妻が出展した執筆中の紫式部。その周りに、アイトワ塾の仲間の1人、簾職人の網田さんが創って贈ってくださった花生けと簾を使わせてもらいました。教室展のテーマは「源氏物語1000年紀記念展」でしたが、幾つかの名場面が再現されていました。これとは別に、各人の自由作品が出展されており、異なる興味を惹かれました。

久しぶりに妻に造ってもらった弁当。2日間受講しないと修了書をもらえない防火講習でしたが、初日の午前中にしんどさがピークになり、中断を考えました。しかし、昼にこの弁当を開き、「明日もこうした弁当を食べたい」と思い、踏ん張りました。食事とは、栄養素の総和や美味しさ、いわんや高価さや見かけよりも、もっと大切な要素があるように思いました。
 

山栗。庭で拾い、翌日の弁当に用いられました。今年は不作の上に、頭の黒いねずみによく盗られます。風邪のために事前に拾っておけないせいです。10〜20人に10個とか20個ずつ拾って帰られるだけで、我が家で冬越しをさせるカチグリを作れなくなることがあります。もちろん悪意のない行動でしょうが、その延長線上に自然破壊が、共同体の崩壊問題が、ひいては工業社会の破綻問題がありそうだ、と見ています。

甲種防火管理新規講習を受け、消火器の使い方の実習や震度7の体験もしました。アイトワは来客が多く、しかも喫茶店のお客さんは不特定多数です。いざというときの被害を少しでも減らしたいし、消防の人たちの苦労を理解したかったので、2日を割きましたが、よかったと思います。とても熱心に教えてもらいました。

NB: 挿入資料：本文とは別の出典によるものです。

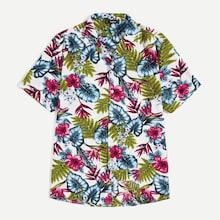 Romwe Guys Notched Collar Tropical Shirt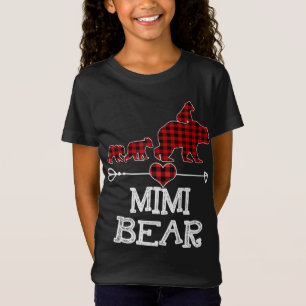 T-Shirt Mimi Oear Pajama de Noël Rouge Plaid Buffalo Famil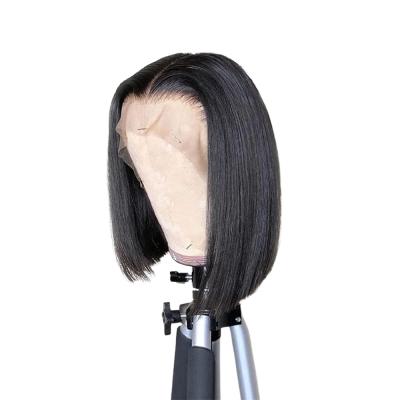 China Hot Selling Beauty 8inch-14inch Natural Black Straight Human Hair 13x6 Short Frontal Wig,Wholesale Short Bob Wigs For Black Women for sale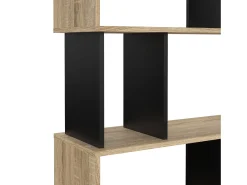 Estante Dscamacc, estante de escritório, estante, biblioteca, 80x29 h175 cm, carvalho e preto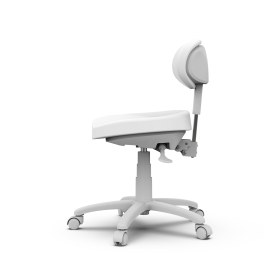 Σκαμπώ τροχήλατο με πλάτη DENTAL TYPE DENT 8C01 λευκό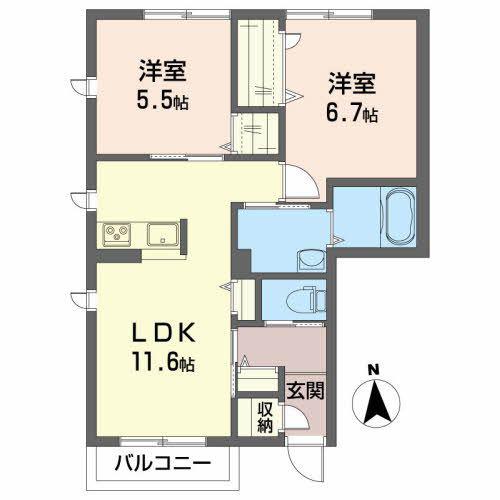 アルカンシエルIII(2LDK/2階)の間取り写真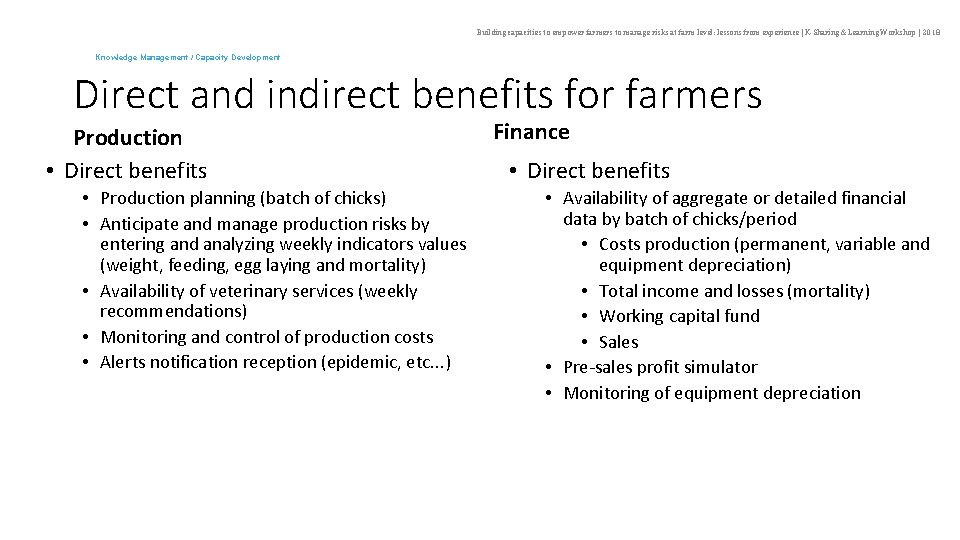 Building capacities to empower farmers to manage risks at farm level: lessons from experience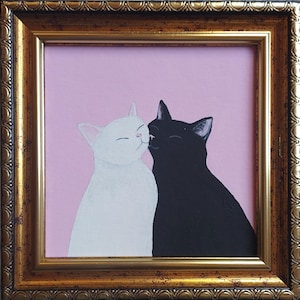 Black and white cat painting Framed original artwork Small funny cat painting Couple cats art
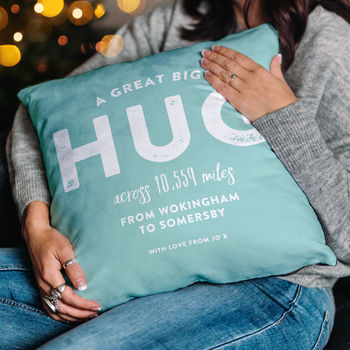 Personalised 'Hug Across The Miles' Locations Cushion, 6 of 12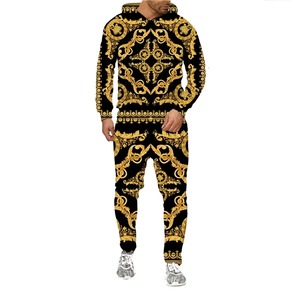 Venta al por mayor de los hombres de invierno impreso sublimado polar pulóver chándal conjunto de Color sólido transpirable ropa deportiva al aire libre - Product Image 5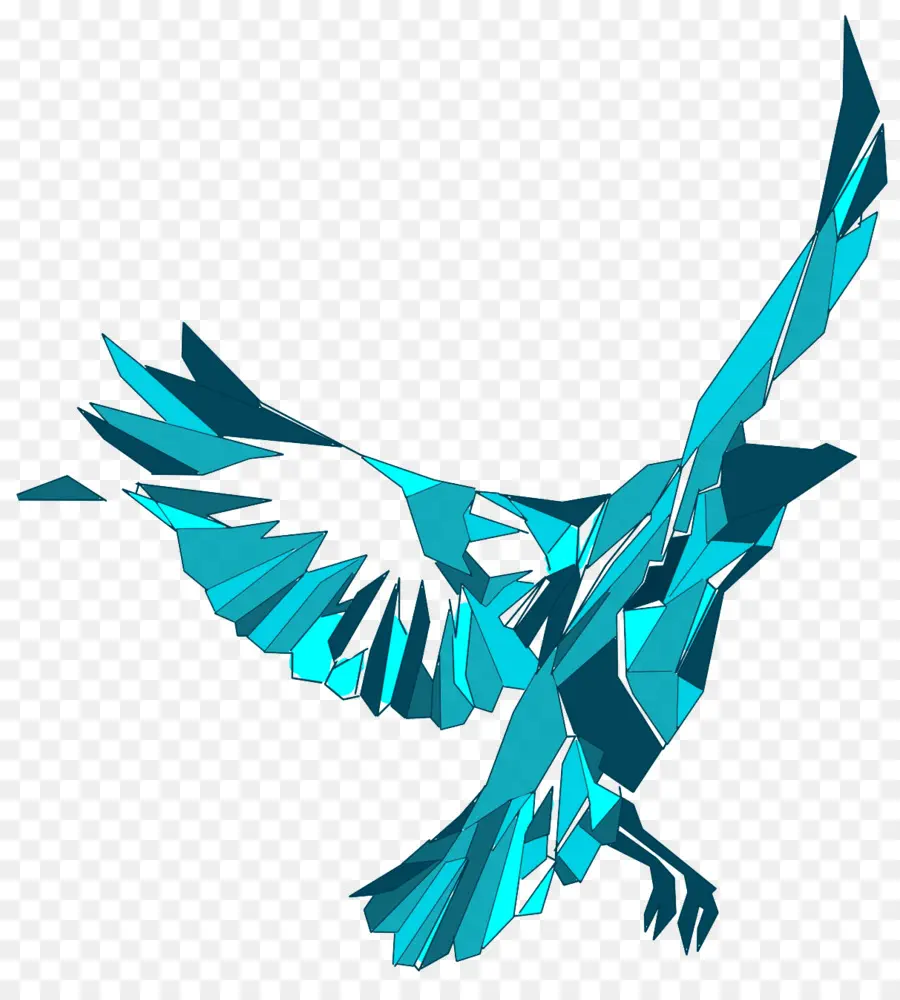 Pájaro Azul，Origami PNG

暗渠システムの1つ。「バカみたい」といわれそうですが、水を集められる保証はなかったのに、このシステムに160万円を投じました。おかげで、常に2トンほどの水が溜まっています。とはいえ、得られる水の量を水道代金と比較するとバカみたいな話です。でもこれが理想と現実のギャップをなくす上で超えなければならない、自己責任の下に果たすべきリスクの1つだと思っています。

先週、霧吹きで脅かされ、逃げ出したクモが帰ってきたのでしょうか。ぼろぼろの巣を活かして張り直しました。その姿を朝露のおかげで写真に収めることができました。もし逃げたクモではなく、他のクモが、これ幸いにと他人のぼろぼろの巣を活かしたとすると、もっと面白い話ですが。

ある有料老人ホームの人たちをお迎えしました。庭の案内と、半時間ほどこの庭造りを通して得たことなどを話させてもらいました。小雨勝ちの1週間でしたが、このグループを迎えた午後は日が差してきて、木陰のほうが過ごしやすかったほどでした。